A character string specifying the parameter to be varied. Choices are 'n' (which varies the number of days in each dataset of simulated data), 'rr' (which varies the relative rate per unit increase in exposure that is used to simulate the data), or 'average_outcome' (which varies the average value of the outcomes in each dataset). For whichever of these three values is not set to vary in this argument, the user must specify a constant value to this function through the n, rr, or average_outcome arguments.

values

A numeric vector with the values you would like to test for the varying parameters. For example, values = c(1.05, 1.10, 1.15) would produce power estimates for the four specified values of relative risk if the user has specified varying = 'rr'.

n_reps

An integer specifying the number of datasets to simulate (e.g., n_reps = 1000 would simulate one thousand time series datasets with the specified characteristics, which can be used for a power analysis or to investigate the performance of a proposed model).

custom_model

The object name of an R function that defines the code that will be used to fit the model. This object name should not be in quotations. See Details for more.

central

A numeric value specifying the mean probability of exposure (for binary data) or the mean exposure value (for continuous data).

exposure_type

A character string specifying the type of exposure. Choices are "binary" or "continuous".

n

An integer specifying the number of days to simulate (e.g., n = 365 would simulate a dataset with a year's worth of data).

sd

A non-negative numeric value giving the standard deviation of the exposure values from the exposure trend line (not the total standard deviation of the exposure values).

exposure_trend

A character string specifying a seasonal and / or long-term trend for expected mean exposure. See the vignette for eesim for examples of each option. The shapes are based on those used in Bateson and Schwartz (1999). For trends with a seasonal component, the amplitude of the seasonal trend can be customized using the exposure\_amp argument. For trends with a long-term pattern, the slope of the long-term trend can be set using the exposure\_slope argument. If using the "monthly" option for a binary exposure, you must input a numeric vector of length 12 for the central argument that gives the probability of exposure for each month, starting in January and ending in December. Options for continuous exposure are:

  • "no trend": No trend, either seasonal or long-term (default).

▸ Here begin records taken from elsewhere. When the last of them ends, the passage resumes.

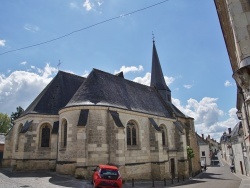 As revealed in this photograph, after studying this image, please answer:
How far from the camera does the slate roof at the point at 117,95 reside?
17938mm

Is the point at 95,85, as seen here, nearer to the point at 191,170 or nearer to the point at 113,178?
the point at 113,178

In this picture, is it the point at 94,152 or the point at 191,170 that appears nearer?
the point at 94,152

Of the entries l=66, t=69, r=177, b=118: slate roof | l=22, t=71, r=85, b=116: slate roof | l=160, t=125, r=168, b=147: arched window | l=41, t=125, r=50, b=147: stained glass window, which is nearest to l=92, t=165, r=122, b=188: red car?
l=66, t=69, r=177, b=118: slate roof

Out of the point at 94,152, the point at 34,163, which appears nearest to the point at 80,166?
the point at 94,152

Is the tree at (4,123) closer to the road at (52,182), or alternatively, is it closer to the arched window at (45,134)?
the arched window at (45,134)

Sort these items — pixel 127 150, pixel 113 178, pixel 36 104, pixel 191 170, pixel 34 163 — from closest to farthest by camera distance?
pixel 113 178, pixel 127 150, pixel 34 163, pixel 36 104, pixel 191 170

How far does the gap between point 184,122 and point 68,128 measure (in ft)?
60.9

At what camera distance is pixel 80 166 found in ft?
49.1

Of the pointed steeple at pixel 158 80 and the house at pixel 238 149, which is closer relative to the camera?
the house at pixel 238 149

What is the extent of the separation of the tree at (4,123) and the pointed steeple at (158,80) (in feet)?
114

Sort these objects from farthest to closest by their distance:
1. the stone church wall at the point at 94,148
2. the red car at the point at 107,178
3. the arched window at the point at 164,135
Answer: the arched window at the point at 164,135 < the stone church wall at the point at 94,148 < the red car at the point at 107,178

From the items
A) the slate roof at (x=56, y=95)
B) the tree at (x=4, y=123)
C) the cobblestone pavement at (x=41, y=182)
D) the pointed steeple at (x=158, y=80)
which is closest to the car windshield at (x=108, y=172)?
the cobblestone pavement at (x=41, y=182)

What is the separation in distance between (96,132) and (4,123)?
39.0 meters

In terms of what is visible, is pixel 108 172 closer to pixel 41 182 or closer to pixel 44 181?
pixel 41 182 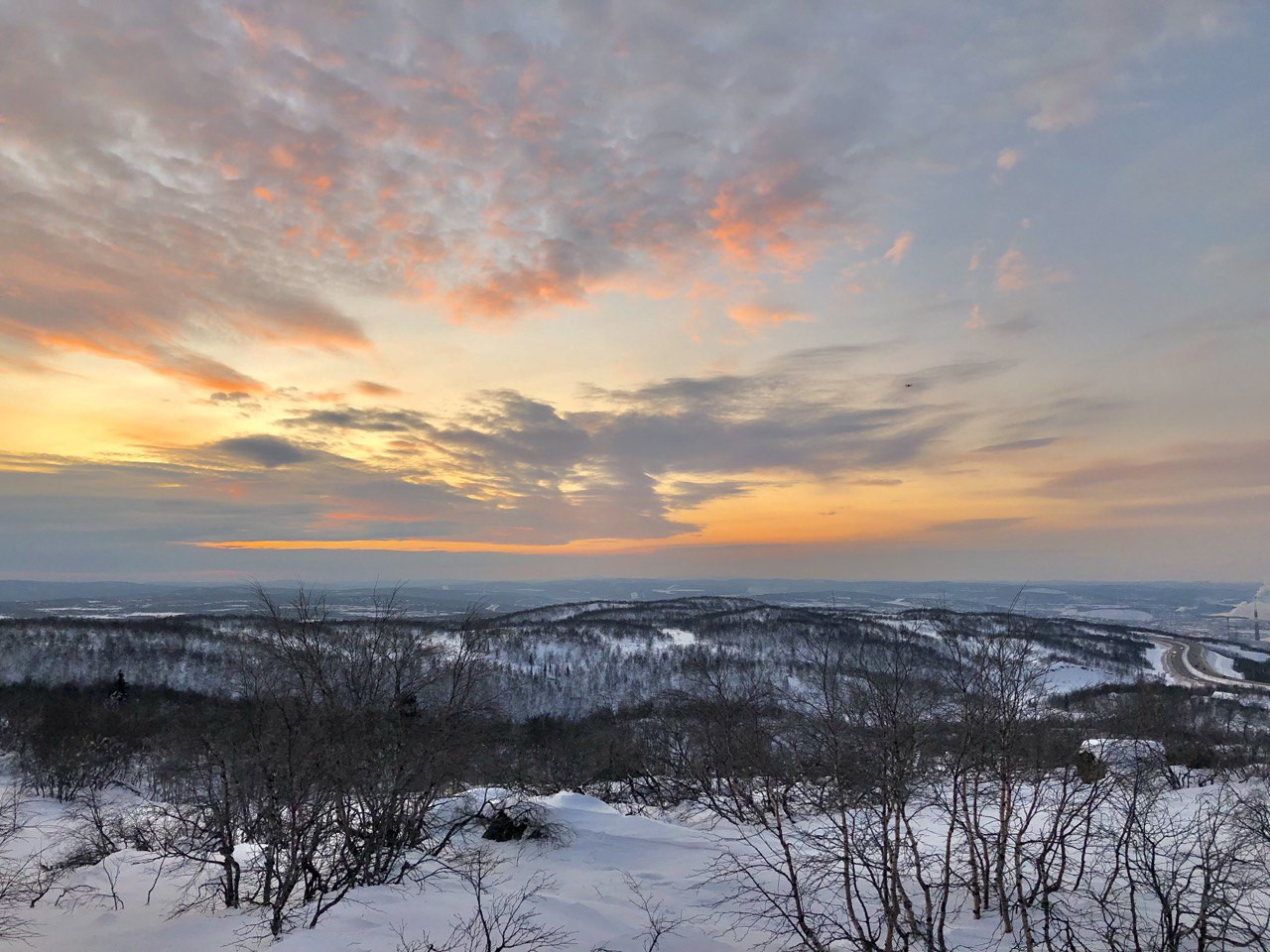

  • "cos1": A seasonal trend only.

  • "cos2": A seasonal trend with variable amplitude across years.

  • "cos3": A seasonal trend with steadily decreasing amplitude over time.

  • "linear": A linear long-term trend with no seasonal trend.

  • "curvilinear": A curved long-term trend with no seasonal trend.

  • "cos1linear": A seasonal trend plus a linear long-term trend.

Options for binary exposure are:

  • "no trend": No trend, either seasonal or long-term (default).

  • "cos1": A seasonal trend only.

  • "cos2": A seasonal trend with variable amplitude across years.

  • "cos3": A seasonal trend with steadily decreasing amplitude over time.

  • "linear": A linear long-term trend with no seasonal trend.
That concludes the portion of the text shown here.